PNRR a rischio in Sicilia: speso solo il 13%. A Trapani il 10%

 A meno di due anni dalla scadenza del Piano Nazionale di Ripresa e Resilienza, in Sicilia si procede a passo lento. Anzi, lentissimo. I numeri, messi a disposizione dal progetto Open Polis, mostrano ormai un dato evidente. Mentre a livello nazionale è stato speso il 30,5% delle risorse disponibili – che è comunque meno di un terzo dei fondi PNRR – nell’isola la percentuale scende drasticamente; solo il 13% dei soldi è stato effettivamente speso.

Insomma, anche in questo caso, l’Italia viaggia a due velocità. E la Sicilia resta sempre indietro. Una grossa percentuale dei progetti approvati non è ancora riuscita a spendere un euro, e su circa ventimila progetti finanziati in Sicilia, solo pochissimi hanno già speso l’importo per intero.
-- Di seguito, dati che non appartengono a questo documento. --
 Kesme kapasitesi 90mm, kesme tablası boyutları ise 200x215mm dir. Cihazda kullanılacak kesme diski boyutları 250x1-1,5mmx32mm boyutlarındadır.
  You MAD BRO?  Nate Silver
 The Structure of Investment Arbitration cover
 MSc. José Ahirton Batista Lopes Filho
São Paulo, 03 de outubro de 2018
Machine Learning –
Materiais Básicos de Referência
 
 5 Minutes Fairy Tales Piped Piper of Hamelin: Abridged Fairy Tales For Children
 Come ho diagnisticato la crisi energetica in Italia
Ma quale settore, in Sicilia, ha saputo utilizzare meglio i fondi? Secondo i dati della piattaforma di monitoraggio OpenPNRR, la fetta più grande delle risorse spese finora è andata al settore Impresa e lavoro, dove il meccanismo del PNRR sembra funzionare meglio: qui il 54% dei pagamenti è già stato effettuato. È uno scarto netto rispetto agli altri settori, che registrano ben altri traguardi: (digitalizzazione 22%; scuola, università e ricerca 20%; cultura e turismo 9%; inclusione sociale 8%; infrastrutture 5%; transizione ecologica 5%; salute 12%).

In ogni caso la situazione è critica, e lo diventa ancora di più se guardiamo al dettaglio territoriale. Nella provincia di Trapani, per esempio, i fondi erogati sono appena il 10% di quell’1,4 miliardi di euro previsto. Anche qui in testa troviamo i progetti su impresa e lavoro (61% di soldi già spesi) mentre arranca tutto il resto. Colpisce il settore Infrastrutture, forse il più strategico per la provincia di Trapani, che al momento registra un bello 0% di finanziamenti utilizzati.
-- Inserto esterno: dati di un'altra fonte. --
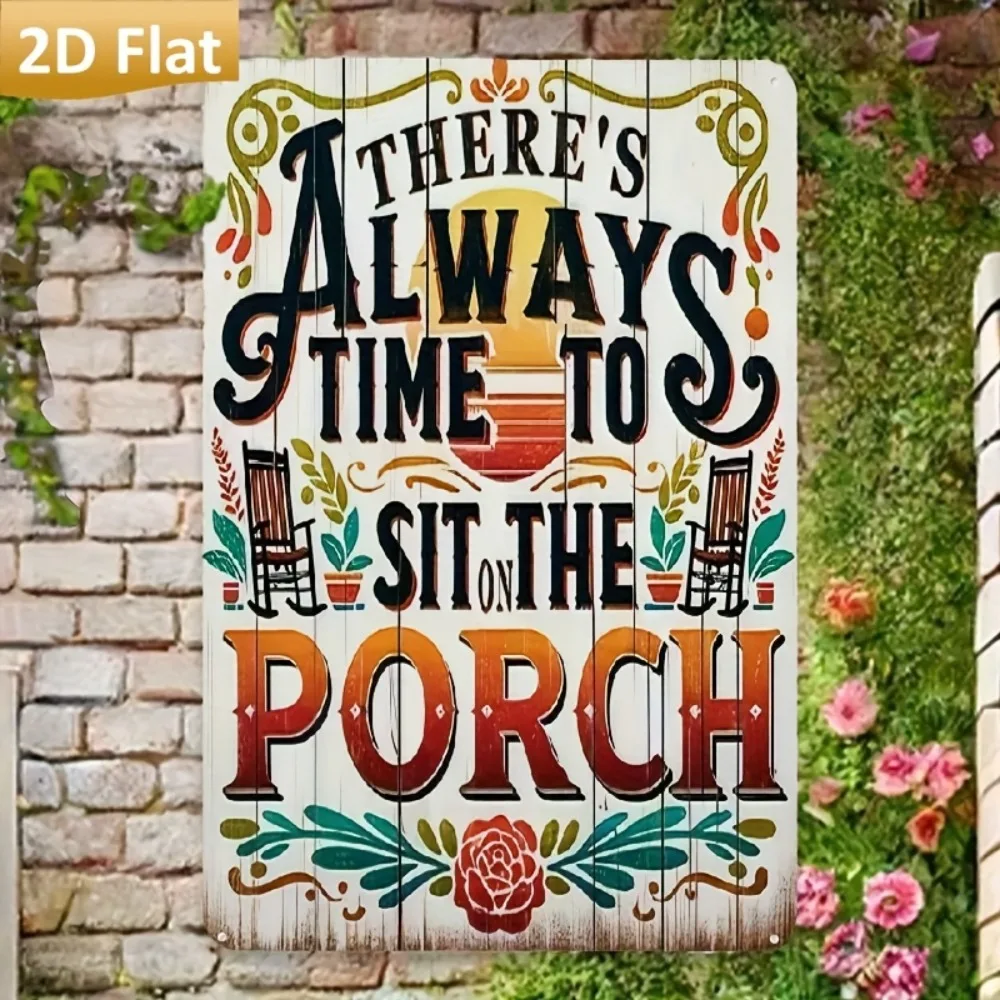 Vintage “Always Time to Sit On The Porch” Metal Sign, Funny Rustic Wall Art for Porch & Garden, 8x12 Inch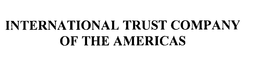 INTERNATIONAL TRUST COMPANY OF THE AMERICAS trademark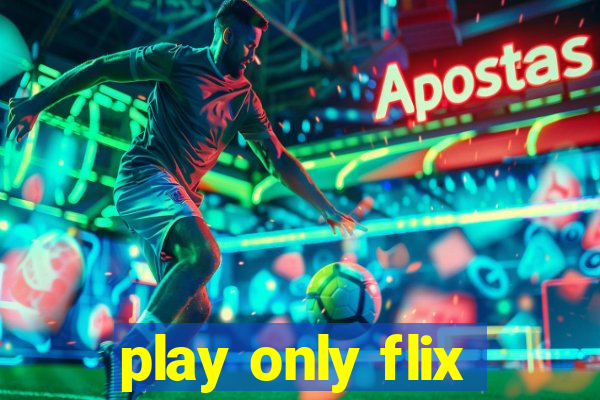 play only flix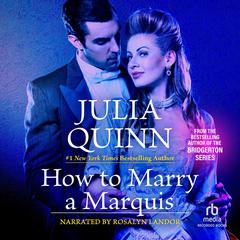How to Marry a Marquis by Julia Quinn audiobook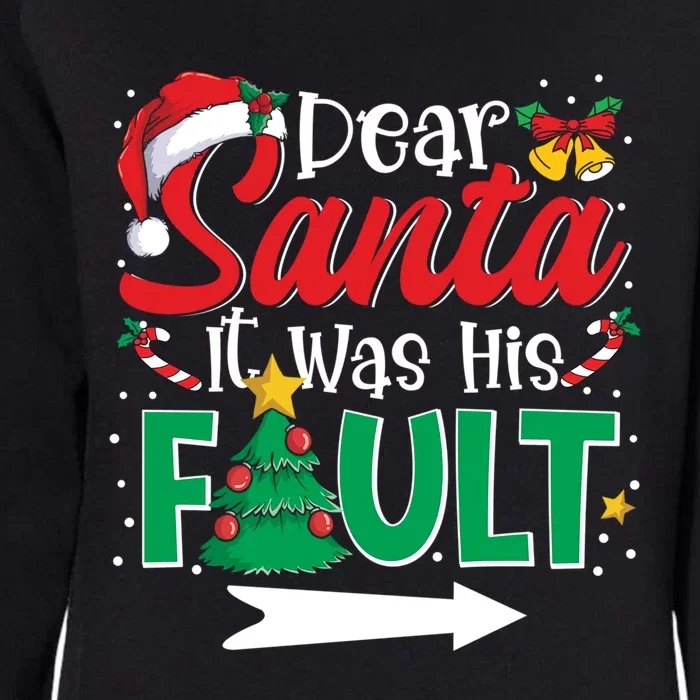 Funny Christmas Couples Gift Dear Santa It Was His Fault Gift Womens California Wash Sweatshirt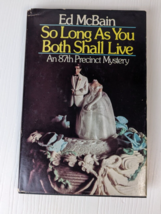 So Long As You Both Shall Live by Ed McBain (1976, Hardcover) BCE DJ - £3.88 GBP
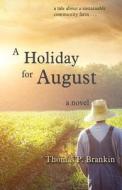 A Holiday For August di Thomas P Brankin edito da Wheatmark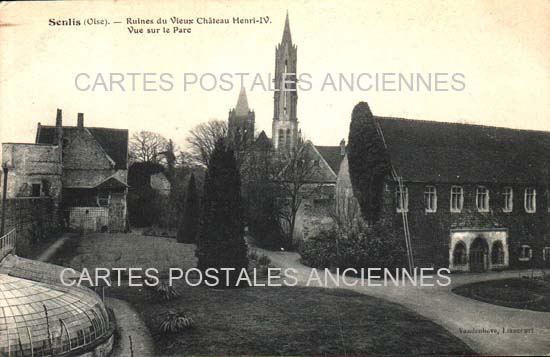 Cartes postales anciennes > CARTES POSTALES > carte postale ancienne > cartes-postales-ancienne.com Oise  Senlis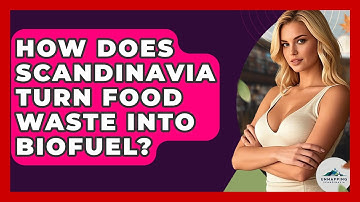 How Does Scandinavia Turn Food Waste Into Biofuel? - Unmapping Scandinavia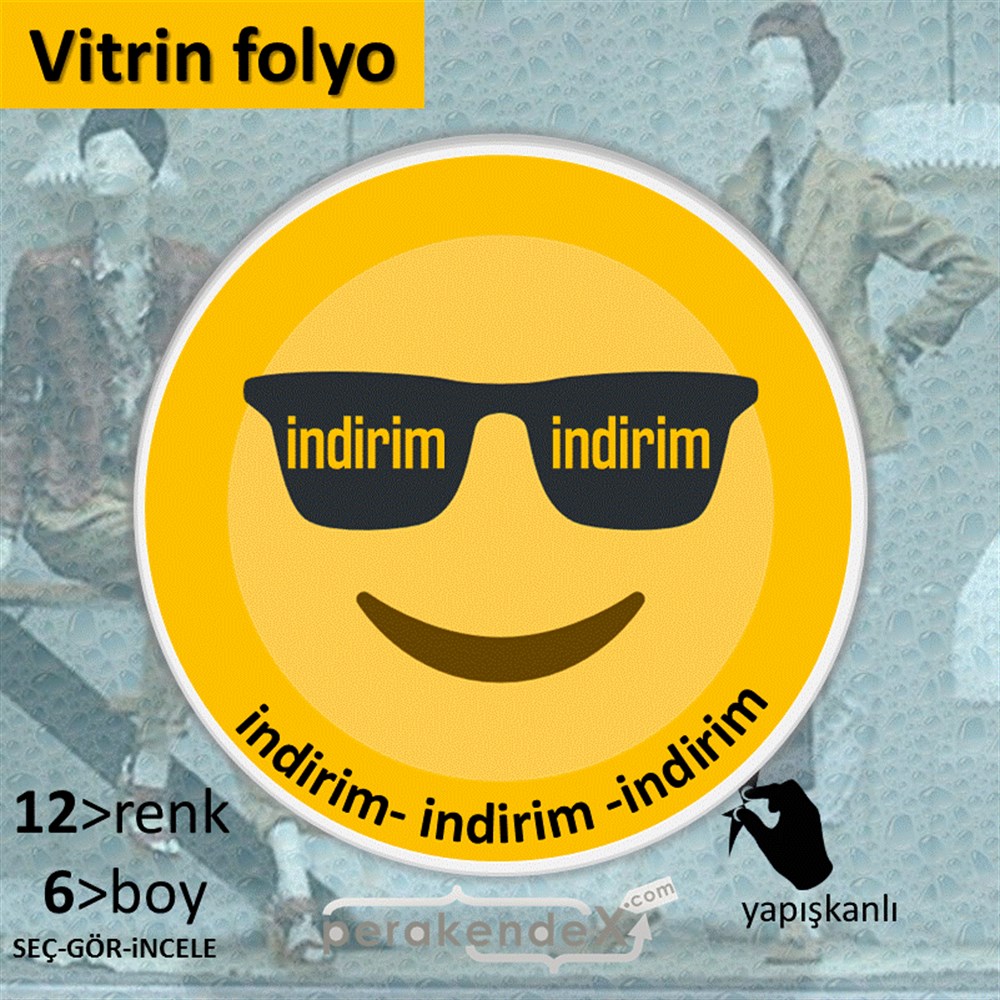 Güler Yüzlü Cool İndirim VİTRİN - CAM FOLYO,  VİNİL -oval,tek yön baskı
Percentuali come queste che evidenziano ancora di più il divario con il resto di Italia, le cui ragioni sono difficili da tracciare. Perché è della colpa della burocrazia, sì, ma anche di una mancanza di competenze specifiche che fatica a trasformare le risorse in cantieri e interventi concreti.

E intanto il tempo stringe. La scadenza, come sappiamo, è fissata per il 30 giugno 2026. Ma l’esito di questa storia sembra già di conoscerlo. Perché se dal 2022 a oggi è stato speso solo il 10% delle risorse nella provincia di Trapani (e il 13% nel resto della Sicilia), è quasi certo che una parte significativa di questi fondi andrà perduta. Un’occasione persa, l’ennesima, che rischia di lasciare la Sicilia esattamente dov’era: con le stesse carenze, gli stessi problemi e le cose irrisolte.